Türkiye kapitalizminin özelliğinden dolayı.
Bu yapı uluslararası kapitalist işbölümüne ucuz iş gücü ile bağlanmıştır.
Türkiye kapitalizmi emperyalizme bağımlıdır.
Üretim, ithalata(dış alıma), sermaye dövize, ekonomi yabancı sermayeye bağımlıdır.
Teknolojide, ara malı ve hammaddede, enerjide, yakıtta, ileri teknolojik bilgide, yaratıcı buluşlarda dışa bağımlılığımız yüksektir.
Ekonomi ile politika arasında içsel zorunlu bazı ilişkiler vardır.
Karşılıklı etkileşim de olmakla beraber, ekonomi ve üretim biçimi biçimlendiricidir.
Kapitalizm bizde dövizsiz yapamaz, yabancı sermaye girmeyince sanayide duraklamalar olur.
Katar’dan petrol doları gelir, İngiltere’den sıcak para ve Rusya’ya da borçları erteleyin isteği…

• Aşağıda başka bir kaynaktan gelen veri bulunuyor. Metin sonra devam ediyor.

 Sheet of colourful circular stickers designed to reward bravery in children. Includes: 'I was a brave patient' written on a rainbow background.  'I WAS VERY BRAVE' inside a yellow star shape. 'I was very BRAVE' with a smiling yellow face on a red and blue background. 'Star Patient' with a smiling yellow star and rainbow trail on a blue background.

Sermaye birikimi kapitalizmin esas yasasıdır.
Sermaye üretmek, artı değer sağlamak, bunu yeniden yatırmak, yani büyümek ve biriktirmek zorundadır.

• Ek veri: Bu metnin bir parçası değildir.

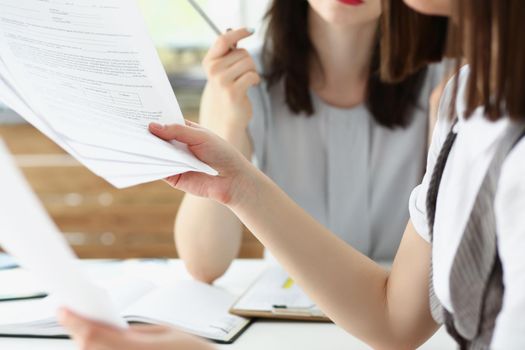 Close-up of business consultant showing business graphic report to colleague. Coworkers discuss working moments, share ideas in office. Business concept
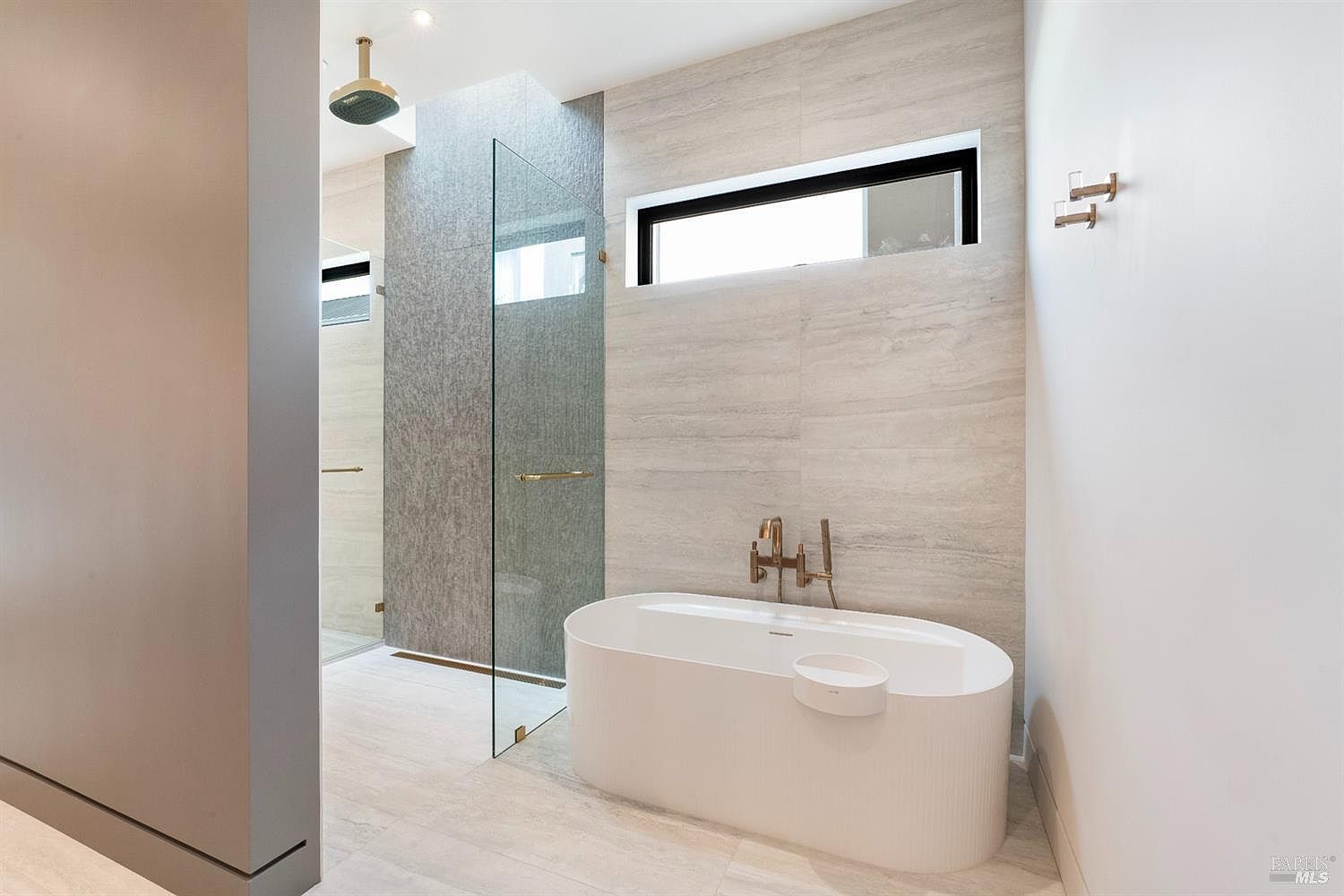 This luxurious primary bathroom features a sleek, modern design with a freestanding white soaking tub and a spacious walk-in shower enclosed by a glass panel. The room is accented by warm-toned, textured wall tiles and elegant gold-finished fixtures, creating a spa-like atmosphere. A horizontal window above the tub allows for natural light, enhancing the clean and sophisticated aesthetic of the space.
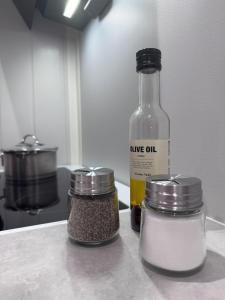 a bottle of oil sitting on a counter with spices at Sauna Apartment in Tromsø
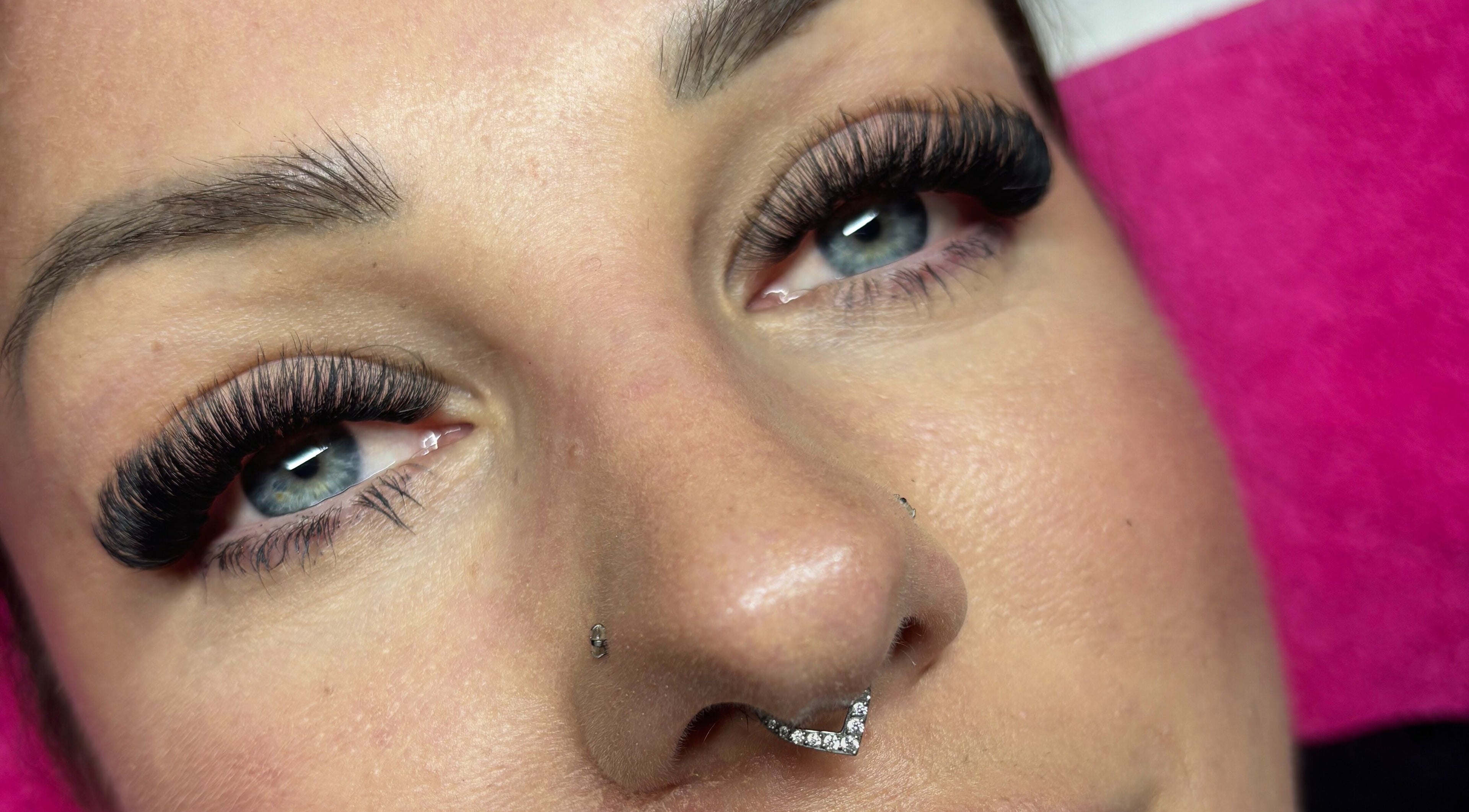 Close-up of elegant eyelash extensions at Wild Honey Lash Co, Calgary, Alberta, CA, showcasing beauty enhancement.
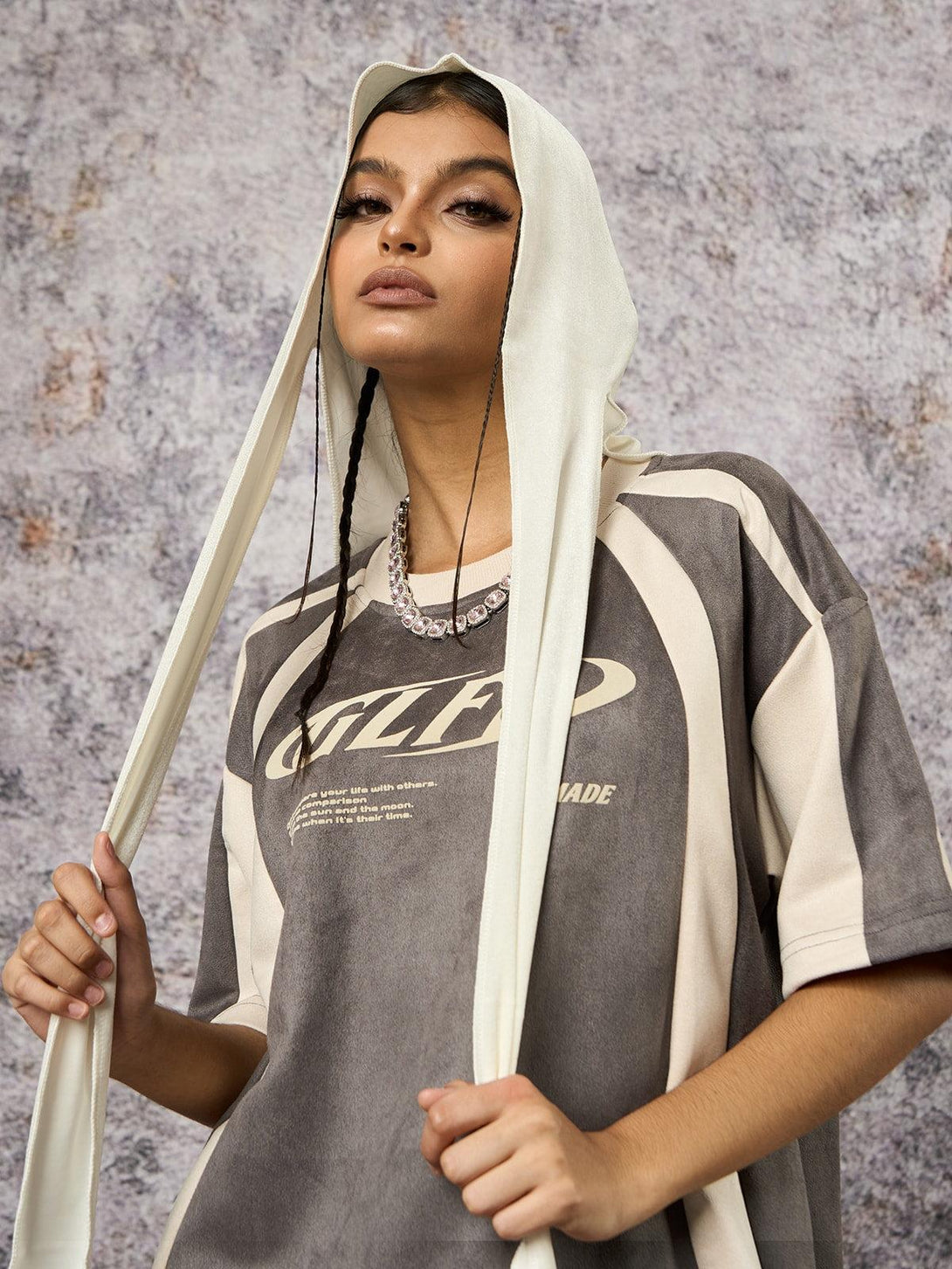 Model styled in a TALISHKO deconstructed T-shirt, featuring unique stitching and print design.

Dünya işbölümüne Türkiye nasıl katılmakta?
Ucuz işgücü, düşük ve orta teknolojili ürün dışsatımı ve yüksek teknolojili ürün dışalımı ile.
Hem yabancı sermaye çekeceksin hem de ihracatta ucuz işçilik ile fiyat rekabetine katılabileceksin...
Türkiye kapitalizmi dışa bağımlıdır, yabancı sermayeye muhtaçtır, ihracatçı sektörler ve üretim düşük işgücü maliyetine dayalıdır.
Bunlar yapısal özelliklerdir, nesnel durumlardır.
Sermaye kesimi esas bu yüzden asgari ücretin yükseltilmesini istemez.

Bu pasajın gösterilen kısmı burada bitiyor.